Levine told lawmakers they should act on mounting scientific evidence about the consequences of being sedentary. In 2012 alone, Levine said, 1,300 peer-reviewed studies were published linking sedentariness with heart disease, obesity, diabetes, high blood pressure and other negative health effects.
“Even if one does go to the gym three times a day, and if you make your (recommended) 10,000 steps at the gym, the long periods of sedentariness that we experience at work are not offset by those intermediary, scattered episodes of gym-going,” he says.
Use of treadmill desks has taken hold in a range of private companies, including BlueCross BlueShield and Marriott, but is not common in the public sector, in part because of concerns about upfront costs.
U.S. Senator Orrin Hatch, R-Utah, criticized the federal Center for Medicare and Medicaid Innovation for its use of treadmills. “In a post-sequester world, where White House tours are being canceled and Easter egg hunts are being threatened, you can imagine why American people would take a very cynical view about federal employees being furnished with thousand-dollar treadmill desks,” he said at a recent hearing.

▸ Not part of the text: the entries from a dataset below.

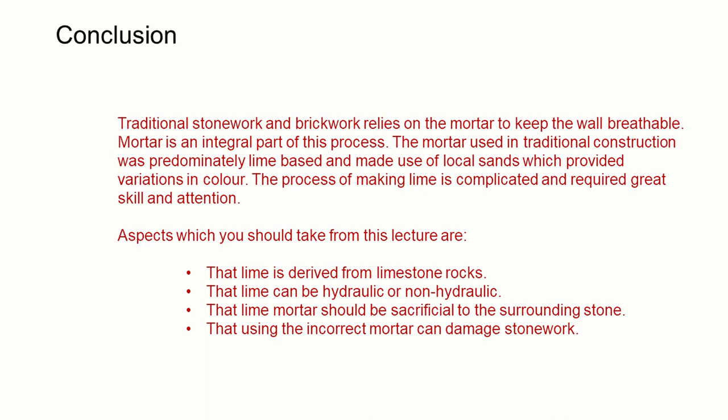In conclusion, traditional stonework and brickwork relies on the mortar to keep the wall breathable, and mortar is an integral part of this process. The mortar used in traditional construction was predominantly lime-based and made use of local sands which provided variations in colour. The process of making lime was complicated and required great skill and attention. Key aspects to take from this lecture are: lime is derived from limestone rocks; lime can be hydraulic or non-hydraulic; lime mortar should be sacrificial to the surrounding stone; and using the incorrect mortar can damage stonework.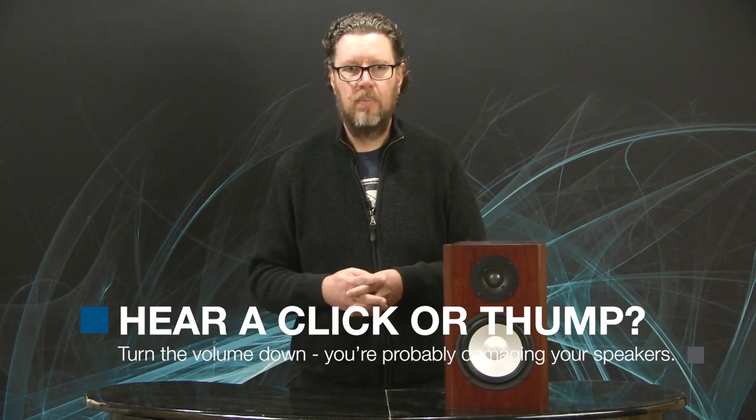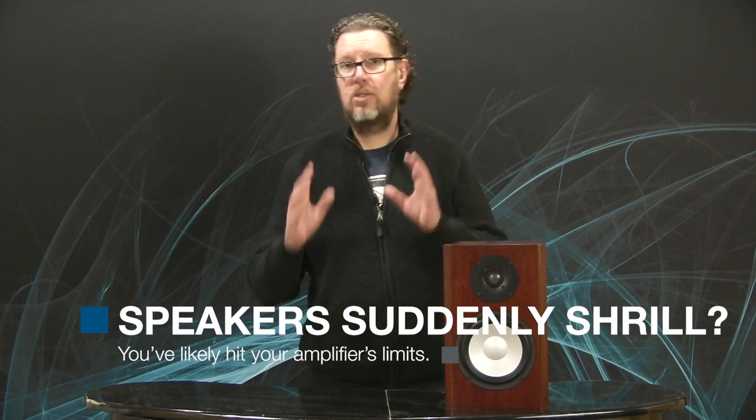Don't follow those rules. What should you follow? This is really a common sense thing. If you hear your speakers making any sort of strange noises — like with every bass thump there's a little click, tick, crack, or something mechanical that doesn't seem to be part of the music — turn the volume control down. You are probably going to damage your speakers if you keep that up. Another thing, which coincides with amplifier clipping, is if the music is starting to sound really harsh, really shrill — something that really hurts your ears. Often that means you've hit the limits of your amplifier or speaker, and it's telling you to turn it down.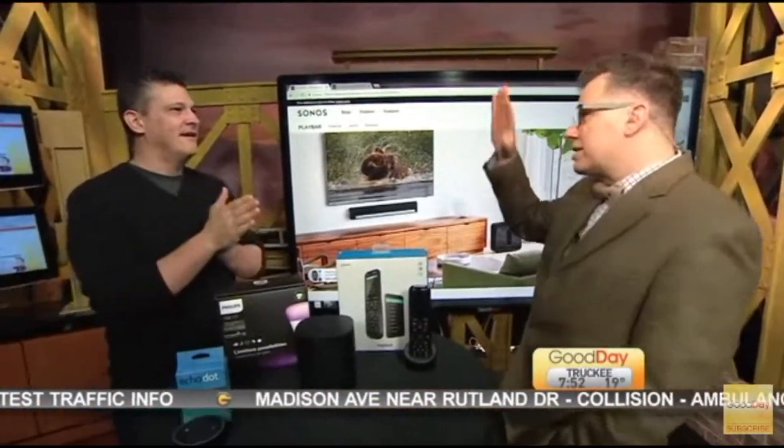Welcome back, ladies and gentlemen. His name is Ryan. He is a Nerd on Call. We want to hook up our home viewing station.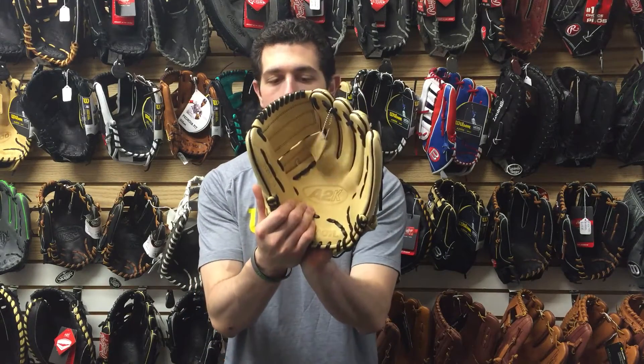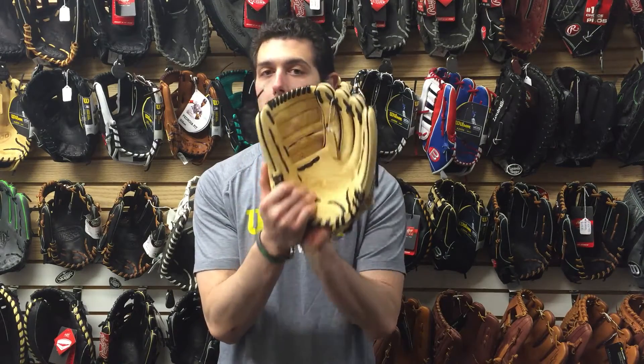Mad Max coming to you live from Closeout Bats. Today I'm talking about Wilson balls from 2017, and right here I have the A2K 12-inch in my hand. This is going to be a great glove for a pitcher as well as third base. It's going to have that two-piece closed web design to it, so it's going to hide the ball real well for a pitcher.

But to Republican state Rep. Jim Thompson, the Oregon bill’s sponsor, the potential benefits of treadmill desks far outweigh the costs. “It’s not unbearably expensive; one of those units costs less than the desk I have in my office,” he said. Still, Thompson said, the bill will have a better chance of passing if they can find some support from private donors.
“We are not designed to sit,” he says. “We talk about all these things we need to do to get people healthier, but when are we actually going to try some of them?”